Mas que solução absolutamente meia-boca. Uma verdadeira ofensa à inteligência do leitor, que nos últimos anos tem sido presenteado com histórias de nível muito superior, cortesia de autores como Brian Michael Bendis, Mark Millar e Brad Meltzer (“Crise de Identidade”). Como fazer alguém com metade do cérebro engolir uma saída infantil e imbecil destas, na qual um estalar de dedos seria suficiente para nos dizer que TUDO QUE ACONTECEU NOS ÚLTIMOS 30 ANOS ERA UMA MENTIRA? As histórias mais recentes têm sido pobres e decepcionantes, é verdade. Mas mais pobre e decepcionante ainda é tentar resolver a coisa de uma maneira simplista e maniqueísta como esta – que na década de 70 já seria considerada vexaminosa, o que dirá em pleno século XXI. Quesada, você ainda não aprendeu que o público consumidor de quadrinhos de super-heróis mudou e exige padrões de qualidade um tantinho maiores no que tange aos roteiros?

O tipo de notícia que faz um leitor como eu, que gasta seu suado dinheirinho em três revistas mensais do Cabeça de Teia, ficar 100% revoltado. Acho que seria mais digno desaparecer com a cronologia normal e manter apenas e tão somente o Homem-Aranha em sua versão ultimate, definitivamente mais interessante do que a versão considerada “oficial” *.

Ah, mas então os DCnautas estão aí, rindo à toa do futuro que aguarda os pobres marvetes? Pois também tenho novidades pra vocês: rumores altamente confiáveis dão conta da existência de uma nova “Crise”. Sim, exatamente.
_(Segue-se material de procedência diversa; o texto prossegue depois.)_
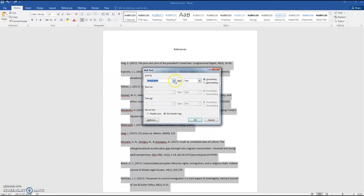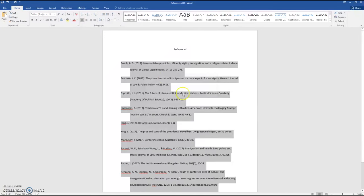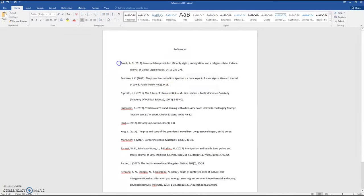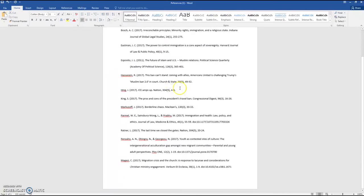Leave the Sort By dropdown as paragraphs and click OK. Now all of your references are in alphabetical order.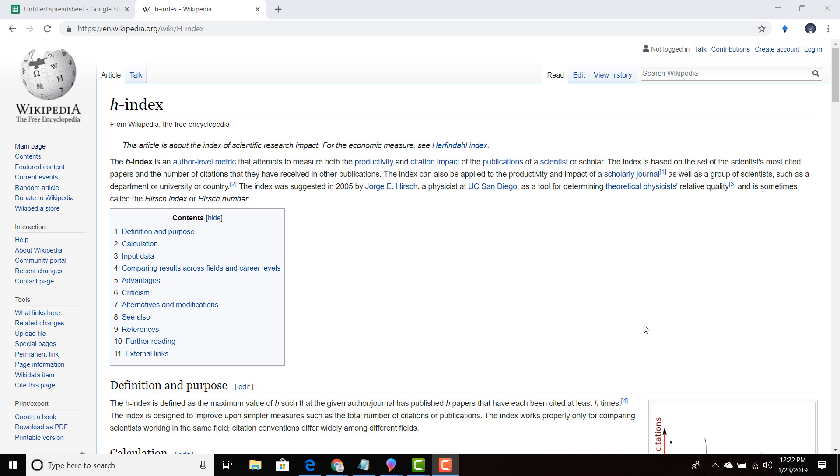Welcome everyone. So today I wanted to talk about the H-Index. The H-Index is an author level metric that attempts to measure both the productivity and citation impact of the publications of a scientist or scholar.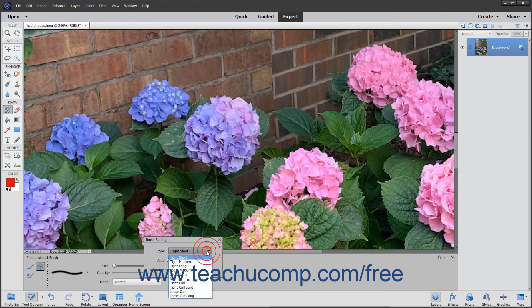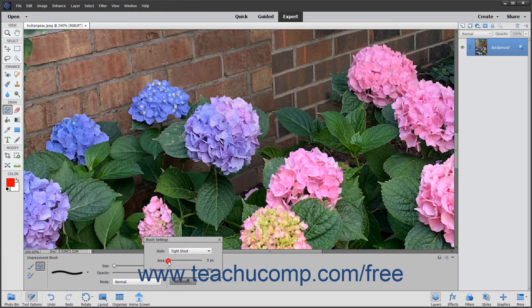The style provides brush styles related to an Impressionist style of painting, including Loose Curl and Dab styles. The Area sets the brush stroke size. The Tolerance sets the range of colors similar to the one you will remove. A Low Tolerance lets the brush only change pixels with a color very similar to the one you select. A Higher Tolerance changes pixels with a wider color range that are similar to the one you click.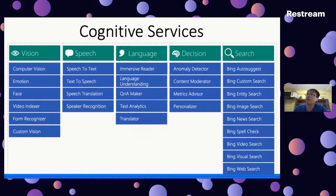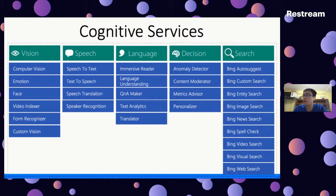Overall, Microsoft AI and Microsoft Cognitive Services cover a wide range of capabilities — from Computer Vision, Emotion, Face, Video Indexer, Form Recognizer, Custom Vision, all the way to Bing technologies. These are pretty much everything that's launched and available in the market today.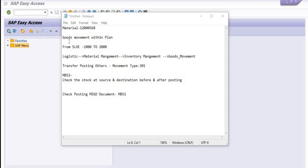Hello, welcome to the ERP SAP team channel. Today we are going to discuss another tutorial to transfer the inventory from one location to another location — meaning one storage location to another storage location within the plant.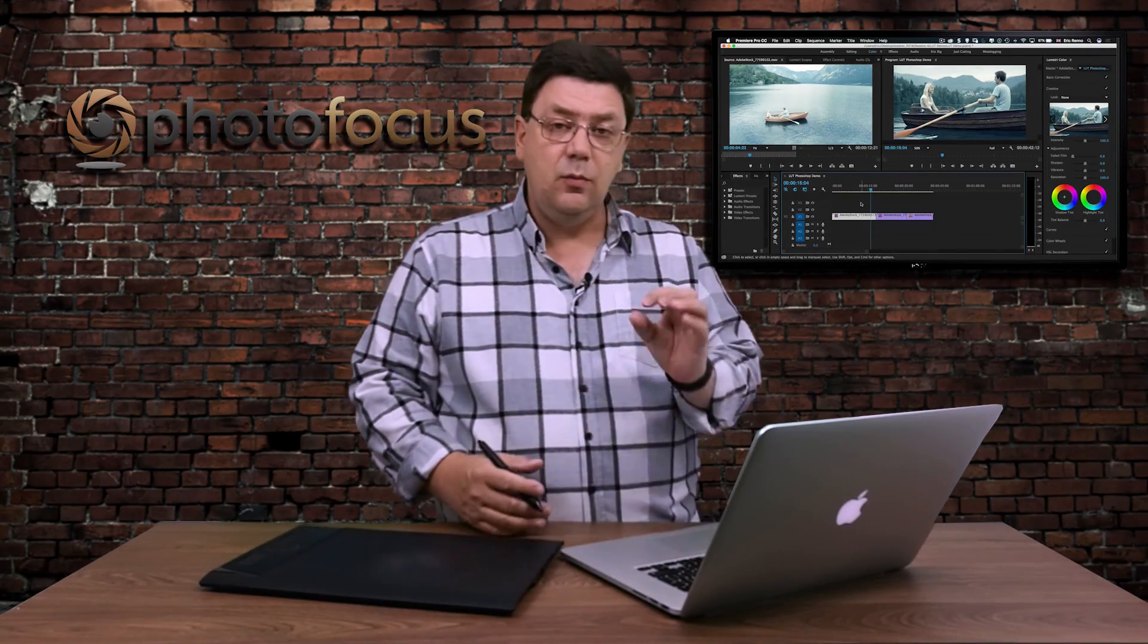So there we are. We've started in Premiere, we took a screenshot, we took that into Photoshop, we made a lookup table and we exported that back into Premiere. I'm Eric Renaud. Thank you very much for watching this video. I'll see you again next time. Bye bye for now.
Mal aconteceu esta “Crise Infinita” e, olhem só, tudo vai ser sacudido e mudar de rumo novamente na já apelidada “Final Crisis”, que teria roteiros de Kurt Busiek. Tsc, tsc...Eles não cansam nunca destas megasagas que interligam todos os gibis da editora e que, no final das contas, não dão em nada e deixam tudo como era antes – ou, pior, ainda mais complicado?
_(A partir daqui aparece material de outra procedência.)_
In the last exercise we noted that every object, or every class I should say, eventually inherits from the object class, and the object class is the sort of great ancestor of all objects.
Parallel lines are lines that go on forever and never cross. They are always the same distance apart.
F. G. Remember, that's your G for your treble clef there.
* PS: A única parte boa desta trama bisonha seria a possibilidade de podermos esquecer de uma vez por todas que o Venom sequer existiu. Afinal, as “Guerras Secretas” seriam apagadas da existência do Aranha, junto com o uniforme simbionte e com o próprio Eddie Brock. E imagine um universo sem a possibilidade de existência do Carnificina, aquele Venom genérico pintado de vermelho? Deus seja louvado!